# InfluxDB Logger Example

This notebook is a small demo of how to use gpumon in Jupyter notebooks and some convenience methods for working with GPUs
You will need to have PyTorch and Torchvision installed to run this as well as the python InfluxDB client

To install Pytorch and associated requiremetns run the following:
```bash
cuda install pytorch torchvision cuda80 -c python
```

To install python InfluxDB client
```bash
pip install influxdb
```
see [here](https://github.com/influxdata/influxdb-python) for more details on the InfluxDB client

In [37]:
from gpumon import device_count, device_name

In [38]:
device_count() # Returns the number of GPUs available

4

In [39]:
device_name() # Returns the type of GPU available

'Tesla P40'

Let's create a simple CNN and run the CIFAR dataset against it to see the load on our GPU

In [1]:
import torch
import torchvision
import torchvision.transforms as transforms

In [2]:
transform = transforms.Compose(
    [transforms.ToTensor(),
     transforms.Normalize((0.5, 0.5, 0.5), (0.5, 0.5, 0.5))])

trainset = torchvision.datasets.CIFAR10(root='./data', train=True,
                                        download=True, transform=transform)
trainloader = torch.utils.data.DataLoader(trainset, batch_size=64,
                                          shuffle=True, num_workers=4)

classes = ('plane', 'car', 'bird', 'cat',
'deer', 'dog', 'frog', 'horse', 'ship', 'truck')
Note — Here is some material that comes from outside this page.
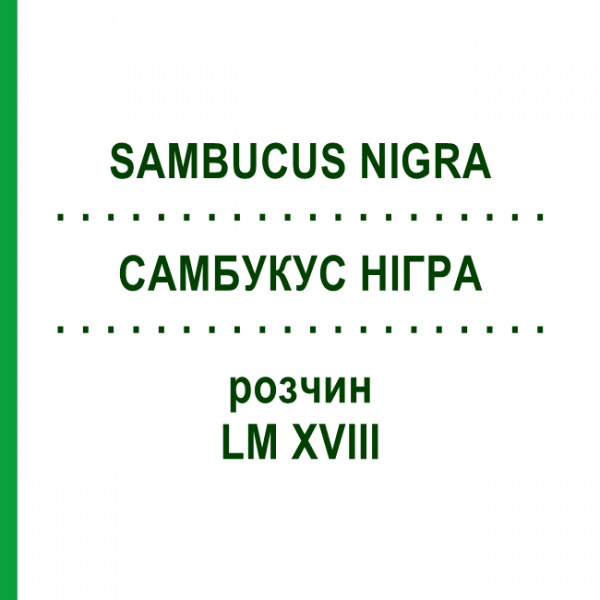 САМБУКУС НІГРА (SAMBUCUS NIGRA) LM XVIII розчин 10 мл - Гомеопатія DHU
Files already downloaded and verified


In [3]:
from torch.autograd import Variable
import torch.nn as nn
import torch.nn.functional as F


class Net(nn.Module):
    def __init__(self):
        super(Net, self).__init__()
        self.conv1 = nn.Conv2d(3, 6, 5)
        self.pool = nn.MaxPool2d(2, 2)
        self.conv2 = nn.Conv2d(6, 16, 5)
        self.fc1 = nn.Linear(16 * 5 * 5, 120)
        self.fc2 = nn.Linear(120, 84)
        self.fc3 = nn.Linear(84, 10)

    def forward(self, x):
        x = self.pool(F.relu(self.conv1(x)))
        x = self.pool(F.relu(self.conv2(x)))
        x = x.view(-1, 16 * 5 * 5)
        x = F.relu(self.fc1(x))
        x = F.relu(self.fc2(x))
        x = self.fc3(x)
        return x


net = Net()

In [4]:
net.cuda()

Net(
  (conv1): Conv2d(3, 6, kernel_size=(5, 5), stride=(1, 1))
  (pool): MaxPool2d(kernel_size=(2, 2), stride=(2, 2), dilation=(1, 1), ceil_mode=False)
  (conv2): Conv2d(6, 16, kernel_size=(5, 5), stride=(1, 1))
  (fc1): Linear(in_features=400, out_features=120, bias=True)
  (fc2): Linear(in_features=120, out_features=84, bias=True)
  (fc3): Linear(in_features=84, out_features=10, bias=True)
)

In [5]:
import torch.optim as optim

criterion = nn.CrossEntropyLoss()
optimizer = optim.SGD(net.parameters(), lr=0.001, momentum=0.9)

In [6]:
from gpumon.influxdb import log_context

In [7]:
display_every_minibatches=100

Be carefull that you specify the correct host and credentials in the context below

In [8]:
with log_context('localhost', 'admin', 'password', 'gpudb', 'gpuseries'):
    for epoch in range(20):  # loop over the dataset multiple times

        running_loss = 0.0
        for i, data in enumerate(trainloader, 0):
            # get the inputs
            inputs, labels = data

            # wrap them in Variable
            inputs, labels = Variable(inputs.cuda()), Variable(labels.cuda())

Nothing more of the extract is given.